[RECORDS FOR THIS EXERCISE]

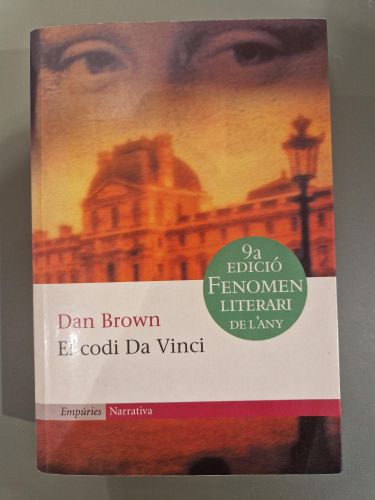 Portada del libro de El codi Da Vinci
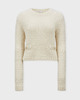 Moncler Sweater Wool Alpaca Jumper Bouclé Natural XS
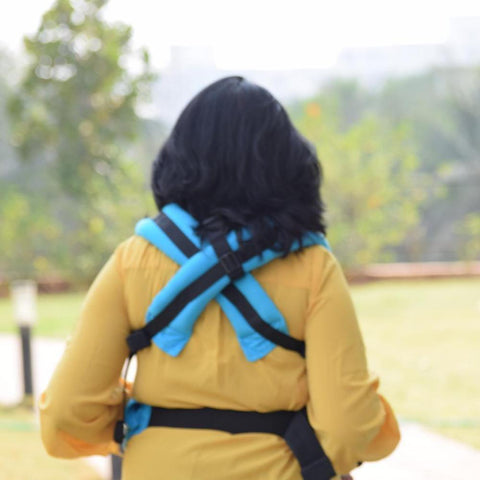Image of Sanskriti Turquoise Blue Flexy+Lumbar Support+Droolers - Anmol Baby Carriers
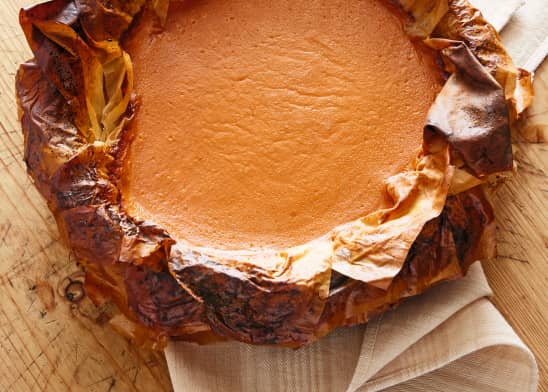 Pumpkin Pie with Phyllo Crust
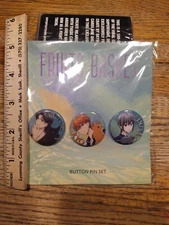 Fruits Basket Anime 3-Button Set Shigure Kyo Yuki Manga Pins Loot Anime Crate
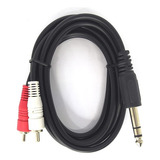 Cabo P10 X 2rca Estéreo 1,5 Metro Áudio De Alta Qualidade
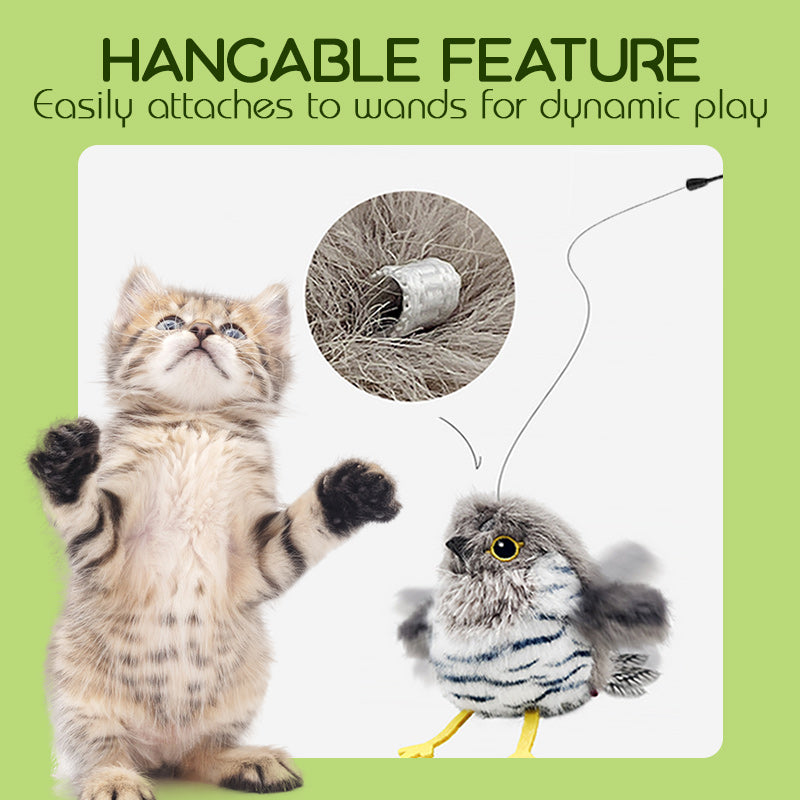 🎁🐱Lifelike Bird-Shaped Interactive Cat Toy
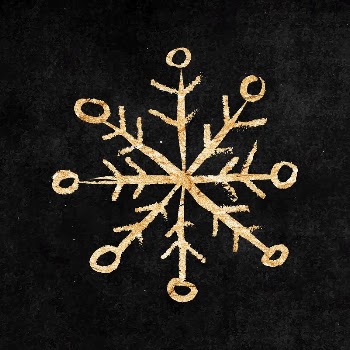 Snowflake sticker, gold aesthetic doodle | Free Vector Illustration - rawpixel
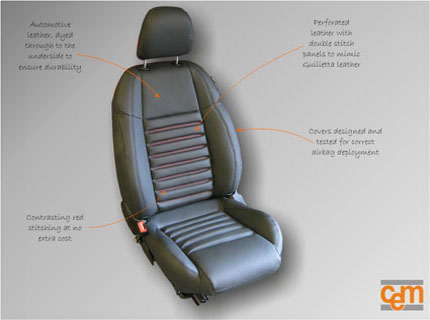 Alfa Giulietta seat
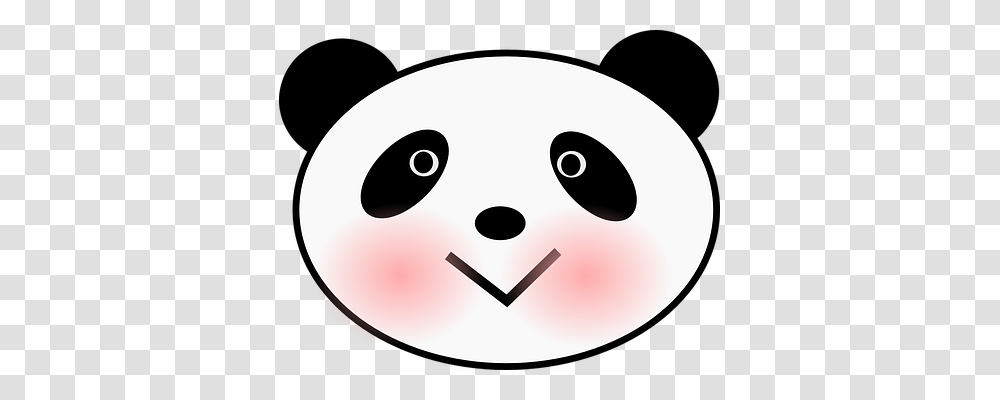 Panda Animals, Wall Clock, Disk, Analog Clock Transparent Png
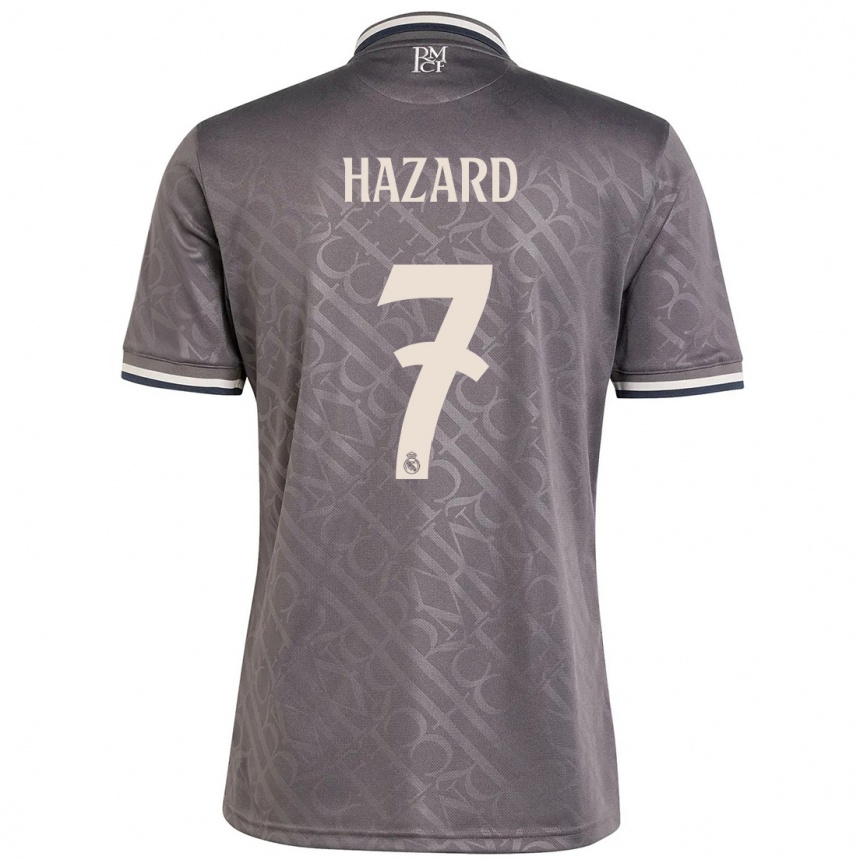 Niño Fútbol Camiseta Eden Hazard #7 Carbón Equipación Tercera 2024/25 México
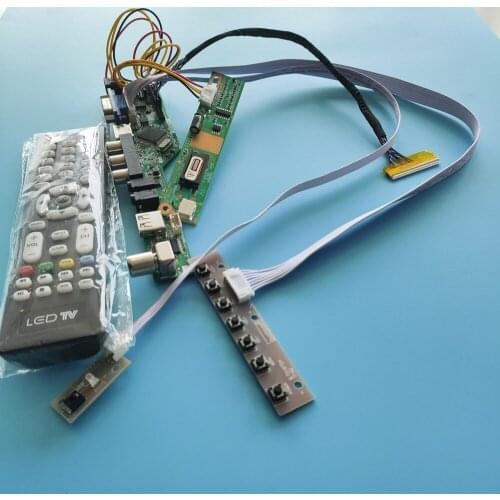 For LP133WX1(TL)(P2)1 lamps 13.3" 30pin USB Resolution TV AV VGA HDMI Interface Module Controller Board Digital Signal 1280X800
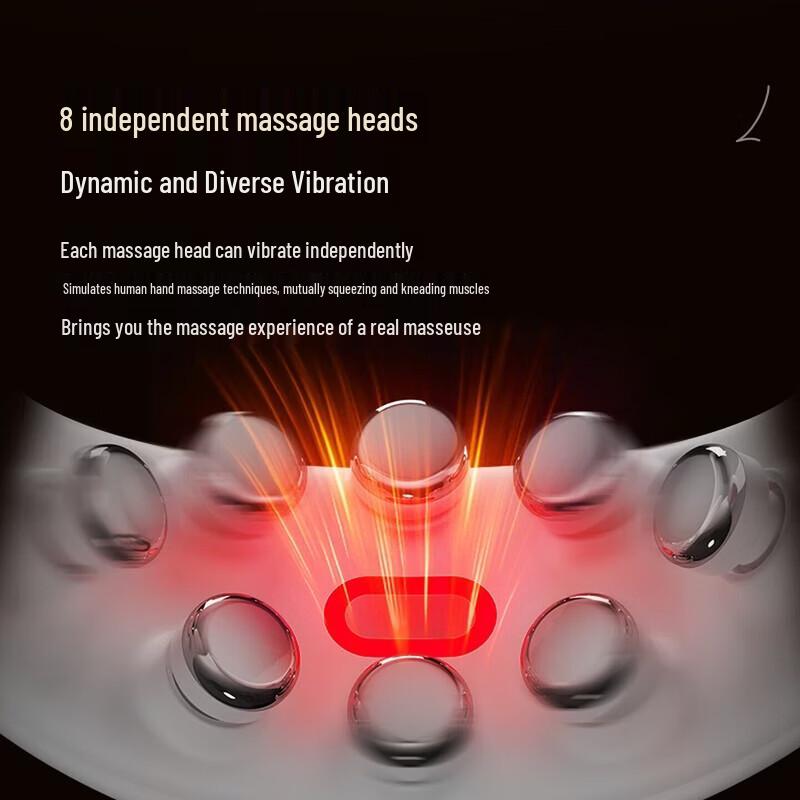 AUX Cervical Spine Neck Massager with Heat and Pulse CN plug (adapter included)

[/RECORDS FOR THIS EXERCISE]

WHAT YOU HAVE TO DO ▸ For the data above, return an exact copy that contains no pictures.

ANSWER FOR THE TASK ▸
 Portada del libro de El codi Da Vinci
 Moncler Sweater Wool Alpaca Jumper Bouclé Natural XS
Image of Sanskriti Turquoise Blue Flexy+Lumbar Support+Droolers - Anmol Baby Carriers
 Pumpkin Pie with Phyllo Crust
 Fruits Basket Anime 3-Button Set Shigure Kyo Yuki Manga Pins Loot Anime Crate
 Cabo P10 X 2rca Estéreo 1,5 Metro Áudio De Alta Qualidade
 🎁🐱Lifelike Bird-Shaped Interactive Cat Toy
 Snowflake sticker, gold aesthetic doodle | Free Vector Illustration - rawpixel
 Alfa Giulietta seat
 Panda Animals, Wall Clock, Disk, Analog Clock Transparent Png
 Niño Fútbol Camiseta Eden Hazard #7 Carbón Equipación Tercera 2024/25 México
 For LP133WX1(TL)(P2)1 lamps 13.3" 30pin USB Resolution TV AV VGA HDMI Interface Module Controller Board Digital Signal 1280X800
 AUX Cervical Spine Neck Massager with Heat and Pulse CN plug (adapter included)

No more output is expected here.